To get a sense of the contracts that CCA will be bidding on in the near future, listen to both CCA’s and GGI’s latest conference calls. CCA tends to be very conservative and tight-lipped about what they are bidding on and growth prospects. GGI’s call is actually more informative about who, what and where is coming up for bid over the next 12 months. Given that it takes years to build a new prison and CCA’s competitors are at or approaching capacity, CCA (in the near term anyway) is in some cases the only alternative. This is why I am confident that CCA will be able to fill its 6,000 beds by the end of this year. Even if it takes them 2 years, CCA is cheap.

Filling CCA’s 6,000 empty beds is not the only way CCA will increase EBITDA in 2004. As mentioned above, they have already begun managing a net 6,314 additional prisoners for the State of Texas starting January 15, 2004. Obviously, none of the incremental EBITDA from these contracts is in CCA’s run rate EBITDA based off of 4th quarter 2003 results. There is no way to calculate the profitability of these contracts. CCA, for obvious competitive reasons, does not break down the profitability of their individual contracts. Assuming a ridiculously low profitability margin of just $1MM of incremental EBITDA per 1,000 additional prisoners gets you an additional $6.3MM. Assuming CCA’s current multiple of 9.2X EBITDA on $6.3MM of EBITDA gets you an additional value of $1.65 per share. If these contracts provide 50% of the profitability of Lehman’s assumed $6MM of EBITDA per 1,000 owned/managed beds, you get incremental value $5.00 per share.

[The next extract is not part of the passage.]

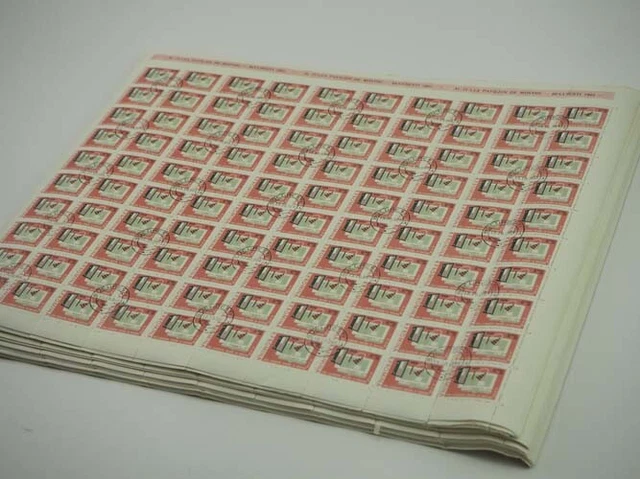 1992 Rumänien; 1000 Serien Mustermesse, gest./CTO, MiNr. 2105/14, 10000 Werte!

CCA has many more of these types of contracts (which require no CapX) that they are currently bidding on.

Financial Summary:

CCA’s 4th quarter annualized run rate EBITDA is $232MM. Realistically, they will add between $18MM and $36MM in 2004 from filling existing empty beds. I assume the company will hold their Revenue per Compensated Man-Day flat, even though they clearly have the pricing power to increase the margin, given their high level of occupancy and high level of demand for additional beds from their customers. CCA will also add EBITDA through managed contracts. In addition to the large Texas contract which has begun, CCA will clearly be the front runner for additional such contracts to be awarded later this year. EBITDA from managed but not owned facilities could add an additional $6-15MM in EBITDA to CCA this year and possibly double that for 2005 when they get the full EBITDA impact from contracts awarded this year.

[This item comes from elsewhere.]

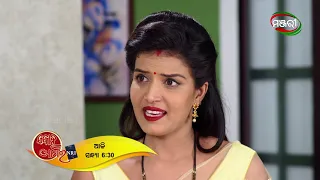 Bohu Amara NRI | Episode - 303 Promo | ManjariTV | Odisha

CCA is clearly a growth story and, as such, should be awarded a growth like multiple of EBITDA, which it is currently not receiving. Over the next 12 months I would expect multiple expansion to at least 12X EBITDA. None of the calculations in this report take into account the significant growth in EBITDA that will result from added capacity which CCA has announced they will add opportunistically (mostly by way of additional beds to existing facilities) as they reach full capacity.

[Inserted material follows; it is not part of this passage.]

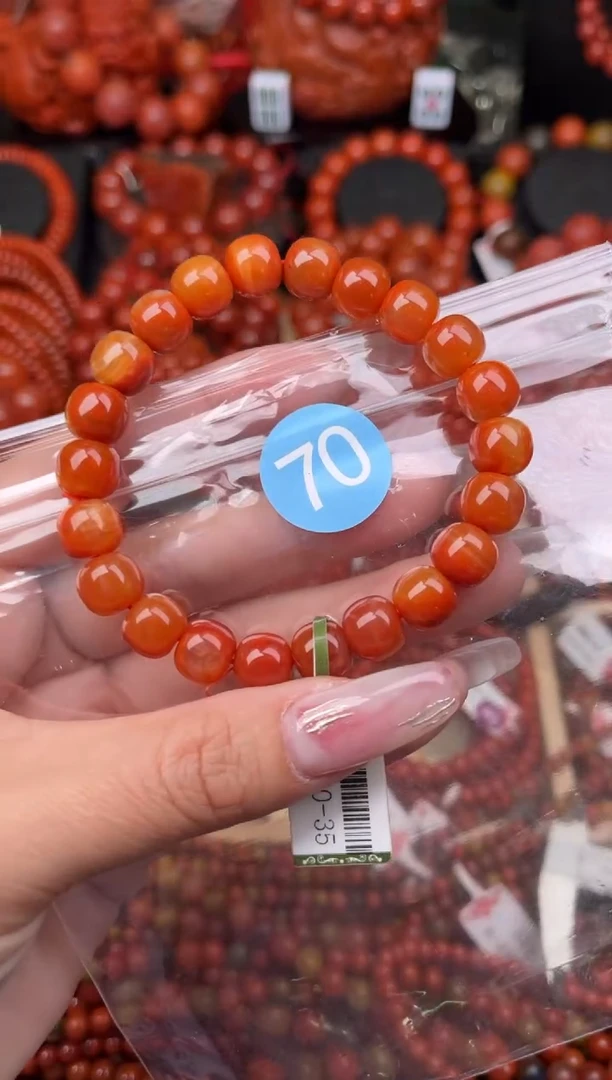 【闪购商品】南红玛瑙珠宝奇石未镶嵌70-9+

The way I look at this story is that growth in EBITDA in 2004 and 2005 will come from filling the 6,000 empty beds and additional managed contracts. Beyond 2005 EBITDA growth will come from capacity expansions (requiring CapX), managed contracts and possibly from fatter margins.

Stock Price Valuation:

Multiple expansion with no increase in EBITDA
$232MM EBITDA at 10X EBITDA = $40.5 per share
$232MM EBITDA at 11X EBITDA = $47 per share
$232MM EBITDA at 12X EBITDA = $53.6 per share

Increase in EBITDA with no multiple expansion
Low Case
$256MM EBITDA at 9.2X EBITDA = $41.4 per share
High Case
$283MM EBITDA at 9.2X EBITDA = $48.5 per share

Multiple expansion and increase in EBITDA
Low Case
$256MM EBITDA at 10X EBITDA = $47.2 per share
$256MM EBITDA at 11X EBITDA = $54.5 per share
$256MM EBITDA at 12X EBITDA = $61.8 per share
High Case
$283MM EBITDA at 10X EBITDA = $54.93 per share
$283MM EBITDA at 11X EBITDA = $63 per share
$283MM EBITDA at 12 X EBITDA - $71 per share

Base Case Returns:

I think the company will conservatively be able to hit the High Case 2004 EBITDA of $283MM for the full year 2005 and that multiples should expand to 11-12X EBITDA providing for a share price of $63-71 within 18 months.

Growth Prospects:
1. Filling existing beds
2. Managed Contracts
3. Organic growth which requires CapX (huge opportunity which I intentionally ignored but which will provide added growth of EBITDA in 2005 and beyond)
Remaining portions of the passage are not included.